Em paralelo, o escândalo da Porta 18 (“não temos nada a ver com o que fazem os nossos funcionários”), o caso dos vouchers, o perdão da dívida pelo Novo Banco (outra amnistia, paga com os nossos impostos), o caso dos emails, e dos padres, e da toupeira (“não temos nada a ver com o que fazem os nossos funcionários”, A Sequela), o apertão de pescoço a um adepto em plena AG, as agressões verbais a outro, a operação Lex (“quando sair do Benfica vou mais pobre, não vou mais rico”), e, cereja no topo do bolo, a banhada que ia dando ao clube com a OPA.
Essa OPA vieirista, inútil do ponto de vista estratégico, mal justificada, financeiramente desastrada, pretendia comprar por 5 euros ações que não valiam nem metade. Contaram-se umas lérias sobre recompensar os sócios que ajudaram o clube, mas a verdade é que a operação continuava a ser tão inesperada quanto ridícula.
Pouco depois, o Expresso noticia que o maior acionista individual do Benfica tem negócios de milhões com Vieira, alguns tendo a filha do presidente como testa de ferro; acionista esse que comprou as ações a 1 euro e que as iria vender agora a 5 euros, não fosse a imprensa dar com a boca no trombone e a CMVM ter andado a arrastar os pés.
De repente, está explicada a OPA: dar dinheiro do Benfica ao sócio do Vieira. Tirar do clube para dar ao amigo. Amizades à Sócrates. "Eu nem ia comer nada", disse o amigo do Vieira, já com a colher da sopa enfiada na boca. Se precisamos de melhor exemplo de que a raposa está na capoeira, não vamos ter. A OPA foi cancelada, tornando claro para todos o que já estava implícito há muito tempo: o Benfica não é liderado por gente séria. Sou do Benfica, e isso já não me envaidece.
Escrevo este artigo consciente de que o Benfica atravessa uma crise desportiva e que isso fragiliza esta liderança. É uma boa altura para refrescar a vossa memória, quando a todas estas indignidades se junta uma profunda insatisfação com os resultados. Contudo, escrevo-o sobretudo para sublinhar que esta liderança não serve para o Benfica independentemente dos resultados – e não apenas porque não ganhámos onze dos últimos treze jogos que disputámos.
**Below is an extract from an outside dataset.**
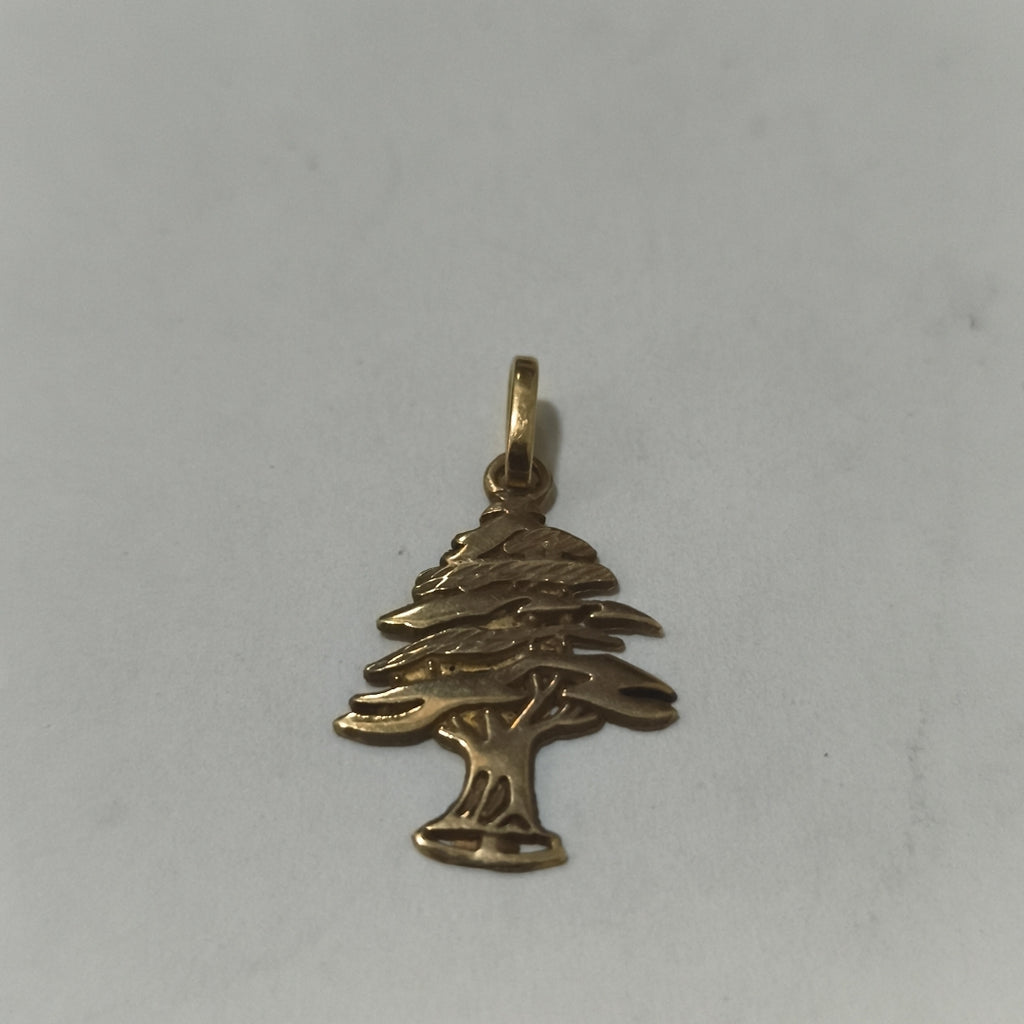 DIJE ORO 10 K 1.9 GRMS (SEMINUEVO)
Se olharmos para os resultados apenas, a liderança do Vieira será sempre mais ou menos positiva no quadro das últimas décadas. Falhou de forma crassa no Benfica europeu, sim, mas se os jogos com o Sevilha e o Chelsea tivessem sido um bocadinho diferentes, essa conversa seria outra, mesmo com todas as vergonhas que passámos na Champions. Deitou fora o nosso sonho do penta, certo, mas para lá chegar ganhou quatro campeonatos: quantos o fizeram antes dele?
Se nos perdermos a discutir os resultados, o Vieira tem sempre alguns argumentos para se sustentar. Eu não quero saber dos resultados do Vieira. Ele não serve para o Benfica porque não é uma pessoa de cadastro limpo, de reputação séria e que represente aquilo que o Benfica deve representar na sociedade portuguesa: o desportivismo, a luta pela transparência, a promoção da competitividade, a valorização do espaço público, a higienização do debate futebolístico, a firmeza de convicções, a promoção de valores democráticos e o amor ao clube.
Não aceitaria um presidente sujo nem que este fizesse do Benfica campeão europeu, da mesma forma que não roubo camiões a uma pessoa só porque ela me deve dinheiro.
Eu não quero um presidente que pensa que é dono do Benfica, que muda as regras para se eternizar no cargo, que usa o dinheiro do clube para encher os bolsos de outros clubes e agentes, que nos mente a torto e a direito, com as vendas que não faz, com os plantéis que não constrói, com os títulos que promete, com as falcatruas que se lhe descobrem, com as dívidas que não paga.
Isto soa tudo um bocadinho romântico, porque chegámos a um ponto em que acreditamos, coletivamente, benfiquistas, portistas, sportinguistas, todos, que para se ter sucesso no futebol é preciso ser sujo, é preciso pagar luvas, fazer negociatas, berrar, criar cabalas, ligar a árbitros, meter dinheiro nos clubes mais pequenos, comprar votos na Assembleia da Liga. Quem acreditar no contrário, “não vive neste mundo”. É isto que é “ser homem da bola”.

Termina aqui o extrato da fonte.